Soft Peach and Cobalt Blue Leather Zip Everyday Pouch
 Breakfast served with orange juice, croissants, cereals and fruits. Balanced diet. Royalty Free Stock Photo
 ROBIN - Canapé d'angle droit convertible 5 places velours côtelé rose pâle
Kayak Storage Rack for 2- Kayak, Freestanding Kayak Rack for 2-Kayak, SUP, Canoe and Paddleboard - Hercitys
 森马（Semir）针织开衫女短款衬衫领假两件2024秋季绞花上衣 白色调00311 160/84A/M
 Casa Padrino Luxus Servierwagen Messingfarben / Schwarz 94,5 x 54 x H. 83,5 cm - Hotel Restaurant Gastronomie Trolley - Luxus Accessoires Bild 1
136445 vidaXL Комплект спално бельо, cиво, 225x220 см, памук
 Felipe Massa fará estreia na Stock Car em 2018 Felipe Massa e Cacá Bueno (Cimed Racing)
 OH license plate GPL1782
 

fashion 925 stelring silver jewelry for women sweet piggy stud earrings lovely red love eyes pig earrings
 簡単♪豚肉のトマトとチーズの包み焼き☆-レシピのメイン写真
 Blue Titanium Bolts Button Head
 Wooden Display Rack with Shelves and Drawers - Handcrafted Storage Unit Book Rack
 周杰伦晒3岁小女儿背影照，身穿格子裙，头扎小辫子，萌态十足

##############################

- [To do]: Transcribe the records above with every character unchanged.

- [Response for this exercise]:
Soft Peach and Cobalt Blue Leather Zip Everyday Pouch
 Breakfast served with orange juice, croissants, cereals and fruits. Balanced diet. Royalty Free Stock Photo
 ROBIN - Canapé d'angle droit convertible 5 places velours côtelé rose pâle
Kayak Storage Rack for 2- Kayak, Freestanding Kayak Rack for 2-Kayak, SUP, Canoe and Paddleboard - Hercitys
 森马（Semir）针织开衫女短款衬衫领假两件2024秋季绞花上衣 白色调00311 160/84A/M
 Casa Padrino Luxus Servierwagen Messingfarben / Schwarz 94,5 x 54 x H. 83,5 cm - Hotel Restaurant Gastronomie Trolley - Luxus Accessoires Bild 1
136445 vidaXL Комплект спално бельо, cиво, 225x220 см, памук
 Felipe Massa fará estreia na Stock Car em 2018 Felipe Massa e Cacá Bueno (Cimed Racing)
 OH license plate GPL1782
 

fashion 925 stelring silver jewelry for women sweet piggy stud earrings lovely red love eyes pig earrings
 簡単♪豚肉のトマトとチーズの包み焼き☆-レシピのメイン写真
 Blue Titanium Bolts Button Head
 Wooden Display Rack with Shelves and Drawers - Handcrafted Storage Unit Book Rack
 周杰伦晒3岁小女儿背影照，身穿格子裙，头扎小辫子，萌态十足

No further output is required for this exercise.